右腕で、よぎる悪夢を断ち切った。8回2死二塁。日本ハム石川直が、因縁の相手を迎えた。打席には西武森。鬼気迫る表情で、内角を突く。「ここで切らないと。(森よりも)そっちが気になった」。粘られ10球目。気迫を込めた直球151キロは高めに上ずったが、押し切った。左飛に打ち取り、力勝ち。直前に外崎には中越え適時二塁打を許したが、1安打1失点。リードを守りきった。

 シーズン序盤の4月18日同戦。8点リードも終盤にひっくり返され、逆転サヨナラ二塁打を浴びたのが森だった。「今日はさすがに抑えたかった」。
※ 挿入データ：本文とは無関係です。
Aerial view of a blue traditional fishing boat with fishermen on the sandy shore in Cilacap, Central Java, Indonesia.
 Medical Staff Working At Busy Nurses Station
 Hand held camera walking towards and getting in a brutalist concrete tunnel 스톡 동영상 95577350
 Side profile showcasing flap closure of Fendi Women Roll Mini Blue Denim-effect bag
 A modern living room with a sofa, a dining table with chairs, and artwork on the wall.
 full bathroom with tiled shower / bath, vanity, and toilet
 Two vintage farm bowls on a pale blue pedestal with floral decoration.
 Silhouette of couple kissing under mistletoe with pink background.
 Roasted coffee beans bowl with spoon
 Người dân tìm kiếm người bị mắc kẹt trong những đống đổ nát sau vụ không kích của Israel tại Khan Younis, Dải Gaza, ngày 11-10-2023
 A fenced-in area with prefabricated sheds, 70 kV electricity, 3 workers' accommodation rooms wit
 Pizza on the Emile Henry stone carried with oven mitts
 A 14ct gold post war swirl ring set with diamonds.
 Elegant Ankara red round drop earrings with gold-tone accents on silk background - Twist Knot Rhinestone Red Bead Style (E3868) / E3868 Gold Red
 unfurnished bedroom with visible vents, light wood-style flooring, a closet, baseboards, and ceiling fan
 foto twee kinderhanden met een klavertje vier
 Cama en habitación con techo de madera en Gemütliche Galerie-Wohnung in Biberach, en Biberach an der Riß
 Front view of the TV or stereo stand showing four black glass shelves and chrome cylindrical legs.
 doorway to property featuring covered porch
悪夢の惨劇以来となったメットライフドームでの一戦。前日24日ロッテ戦でも「勝利の方程式」の一角として投入されながら、藤岡裕に被弾。後に延長12回サヨナラ負けにつながる痛恨の1発を浴びていた。一夜明け、絶好のリベンジの舞台で力投した。

 9回は3点リードで守護神・トンキンが登板。先頭岡田に左前打を許したが、無失点に抑えて乱打戦を制した。トンキンもまた、屈辱の一戦で打ち込まれ、前夜も2ランを浴びて悔しい思いをしていた1人。強力打線の首位西武相手に投打がかみ合い、悪夢を払拭(ふっしょく)するリベンジ勝利を果たした。栗山監督は「昨日も今日も、本当にいろんなことあったけど勝ち切れて良かった」と白星の重みをかみしめた。【田中彩友美】

 ◆4月18日西武戦の悪夢 先発の高梨が7回無失点と好投も、8点リードの8回に上原、田中豊、トンキンが打ち込まれ一挙7失点。9回には石川直が西武森にサヨナラ打を浴びた。延長に突入せず、8、9回だけで8点差以上を逆転されたのは、プロ野球史上初めてのことだった。